- G. R. Blanco White in army uniform, c. 1918
- Born: 8 May 1883 Fulham, London, England
- Died: 26 March 1966 (aged 82) London, England
- Education: Trinity College, Cambridge
- Spouse: Amber Reeves ​(m. 1909)​
- Children: 3, including Thomas and Justin
- Relatives: Dusa McDuff (granddaughter) Caroline Humphrey (granddaughter) Conrad Waddington (son-in-law) Maud Pember Reeves (mother-in-law) William Pember Reeves (father-in-law)
- Allegiance: United Kingdom
- Service: Royal Garrison Artillery
- Conflicts: World War I

= G. R. Blanco White =

English judge

George Rivers Blanco White QC (8 May 1883 – 26 March 1966) was an English judge, Recorder of Croydon from 1940 to 1956, and a member of the Special Divorce Commission, from 1948 to 1957.

==Biography==
The son of Thomas and Margaret Elizabeth Blanco White, he was born in Fulham, London. He was educated at St Paul's School, London and Trinity College, Cambridge, from where he graduated second wrangler behind Arthur Eddington in 1904, and was awarded Smith's Prize in 1906. He was called to the bar at Lincoln's Inn in 1907.

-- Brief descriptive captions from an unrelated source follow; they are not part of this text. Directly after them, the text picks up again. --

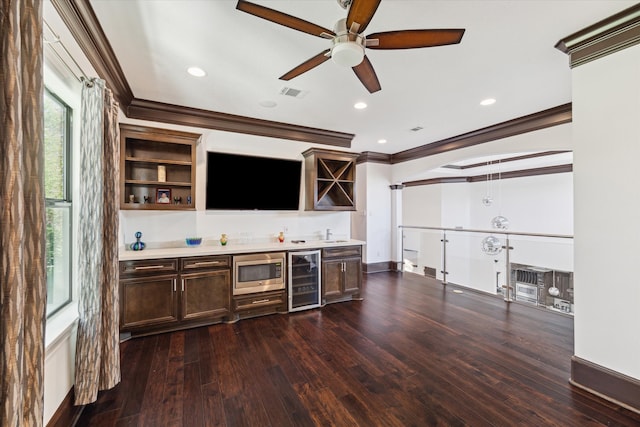 bar with wine cooler, stainless steel microwave, dark hardwood / wood-style flooring, and crown molding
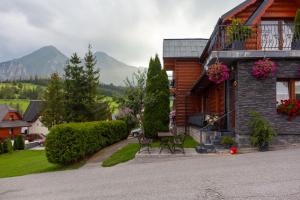 a bench sitting outside of a house with mountains in the background at Drevenica u Pavla in Ždiar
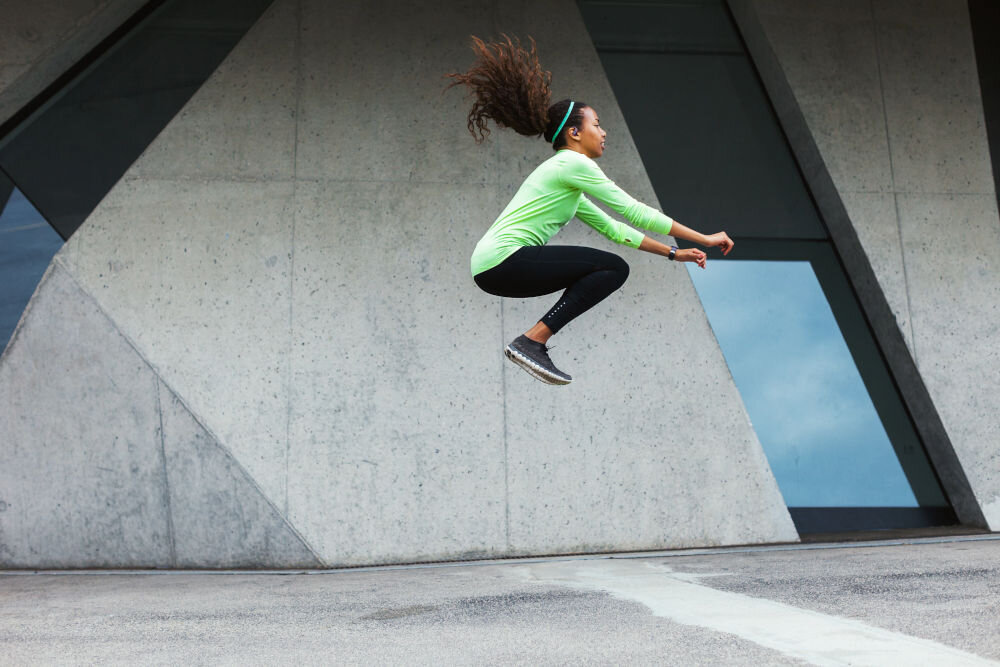 JBL Endurance Zone cztery mikrofony formowanie wiązki redukcja szumów, osoba z założonymi słuchawkami wykonująca skok wzwyż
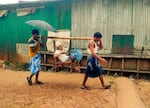 A makeshift "ambulance" carries an elderly man to a clinic run by a charity. Camp residents say they are in urgent need of emergency response vehicles and medical equipment.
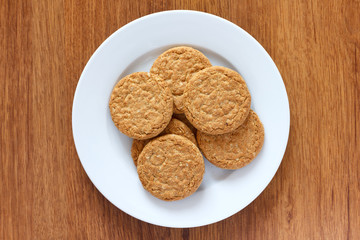 Plate of crispy golden oat biscuits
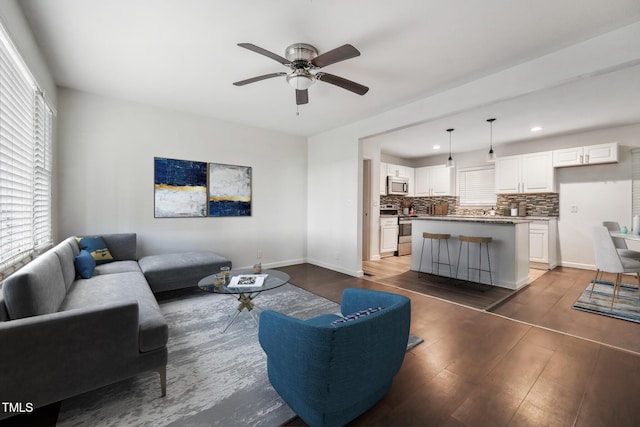 living area featuring baseboards, a ceiling fan, wood finished floors, and recessed lighting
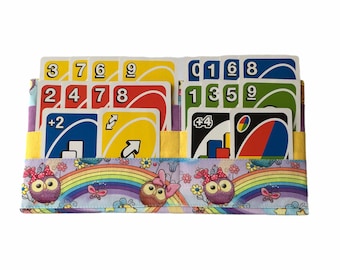May include: A colorful fabric case with a rainbow and owl design holds a deck of UNO cards. The cards are arranged in two rows, with the numbers 3, 7, 6, 9, 2, 4, 7, 8, 0, 1, 6, 8, 1, 3, 5, 9, +4, and a wild card visible.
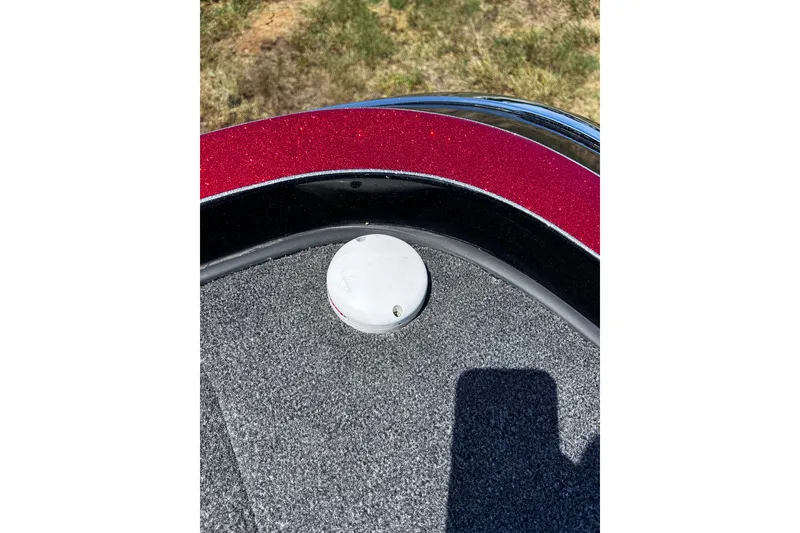 Slide: The Image of 2024 Ranger Z520R boat deck with red trim and circular fixture. - 29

On 7 May 1909, he married Amber Reeves, feminist writer, scholar and campaigner. She was the daughter of William Pember Reeves and his wife Maud Pember Reeves. She bore a daughter Anna-Jane in December that year whose biological father was the author H. G. Wells (though Blanco White was Anna's legal father). The Blanco Whites later had a daughter, Margaret Justin Blanco White (1911–2001), who became an architect, and a son Thomas Blanco White (1915–2006), a patent lawyer. Through Margaret he was the grandfather of anthropologist Caroline Humphrey and mathematician Dusa McDuff.

He served in World War I with the Royal Garrison Artillery. He stood for the Labour Party at the 1929 Holland with Boston by-election, coming second to Liberal James Blindell.

He was made King's Counsel in 1936. He became a Bencher of Lincoln's Inn in 1940 in replacement of Henry Chartres Biron. He died in London in 1966 and received obituaries in The Times and The Guardian.